There was one bit that truly bothered me: When the FF encounter Dante Alighieri, and Johnny Storm's immediate reaction to his name is a Clerks reference. I already thought Cornell was overdoing Johnny's immaturity and ignorance just a bit, but this pushed my suspension of disbelief past the breaking point. Sure, I can believe that Johnny's never read the poem, I can buy that he doesn't really know what it's about...but I cannot believe that Johnny's never heard of Dante's Inferno.

Maybe it's just me, but it always takes me right out of a story when, for the sake of a gag, a character is suddenly ignorant of something that's part of the common cultural landscape. It's bothered me ever since I was a kid, and I saw an episode of the sitcom Alice in which Alice's son Tommy was studying King Lear for school. When Mel (the diner owner, played by Vic Tayback, for those of you too young to remember the series) heard him mention this assignment, Mel asked "King Lear? That a sequel to King Kong?" Even at the tender age of whenever-it-was, I was going "Oh, come on! Even Mel's not that dumb!" (It went even further later in the episode, when Tommy recited a speech from the play, and Mel commented "Boy, that Kong was one smart ape." Geez, I think Mel's figured out by now that not everyone with "King" in front of their name is a giant ape.)

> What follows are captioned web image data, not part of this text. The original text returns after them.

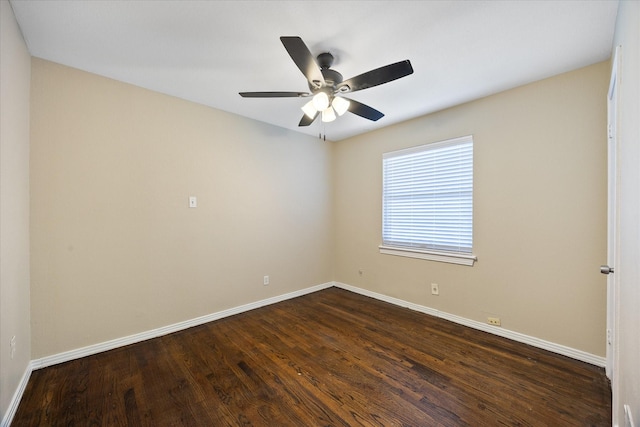 spare room with dark hardwood / wood-style floors and ceiling fan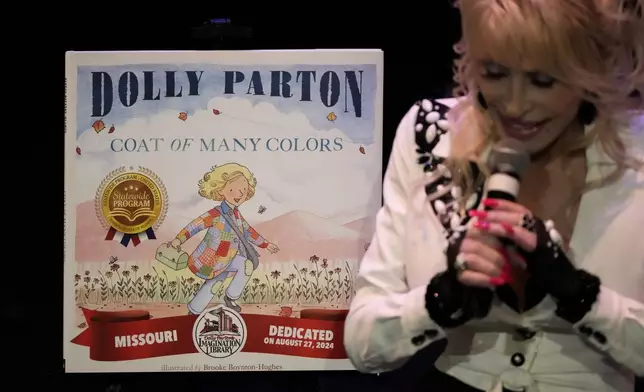 Dolly Parton addresses attendees at an event celebrating the Missouri statewide expansion of Dolly Parton's Imagination Library, Tuesday, Aug. 27, 2024, in Kansas City, Mo. (AP Photo/Charlie Riedel)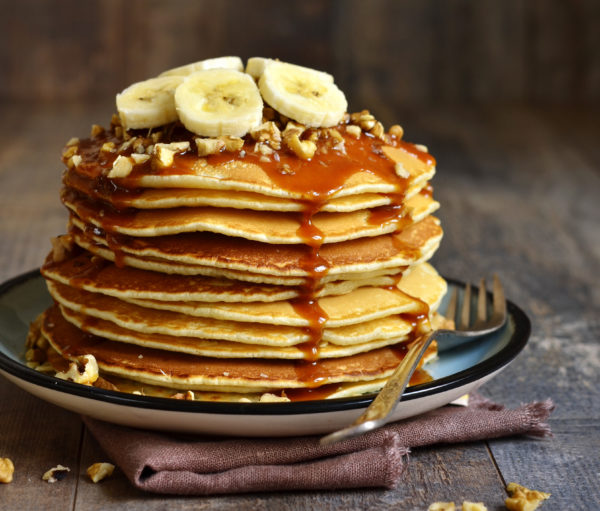 Pancakes with banana,walnut and caramel for a breakfast.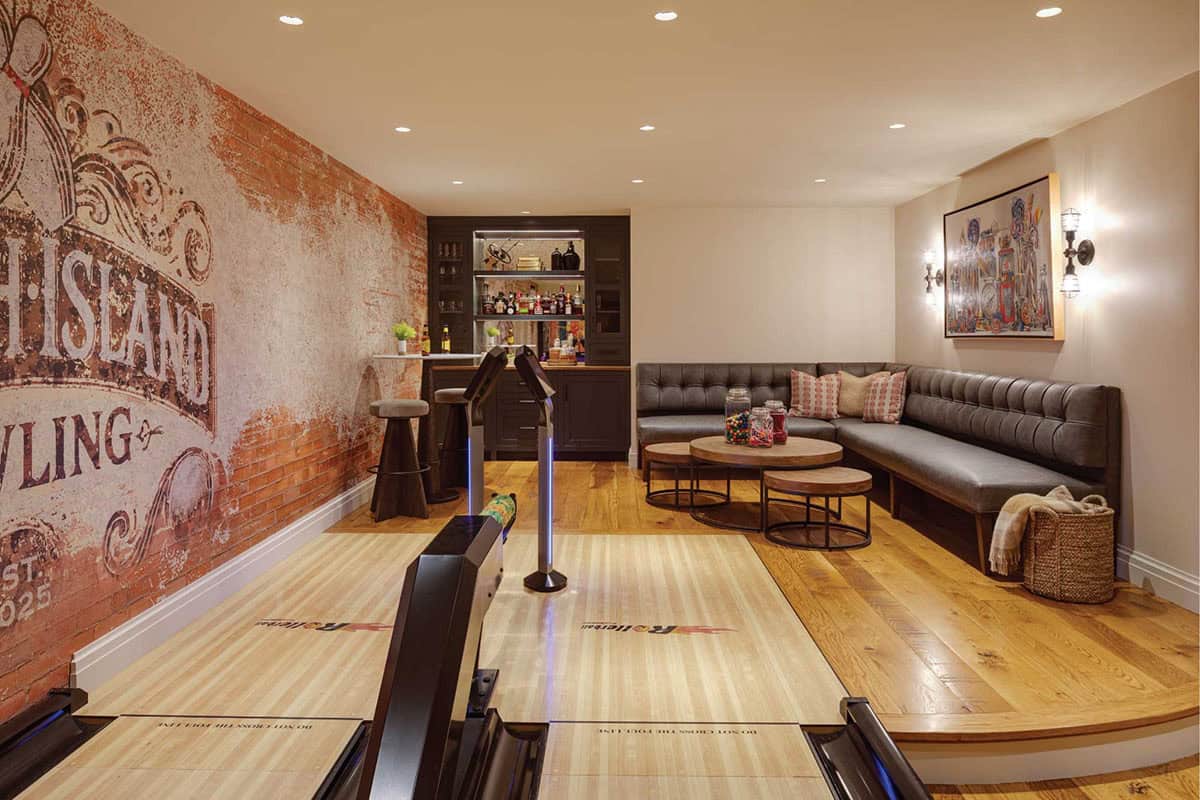 Bowling alley seen from the lane, with a dark bar cabinet, tufted leather banquette, and round coffee tables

This annoyed me so much that it has stayed with me to this day, far longer than any sitcom gag should remain in one's memory. Indeed, it bugged me so much that, years after the fact, I came up with a "shoulda said" gag that I think would have worked better. Imagine if Mel had said "King Lear? That about the guy who invented the jet plane?" It would have worked as a "Ha ha, Mel is ignorant" joke...but it would have been plausibly ignorant.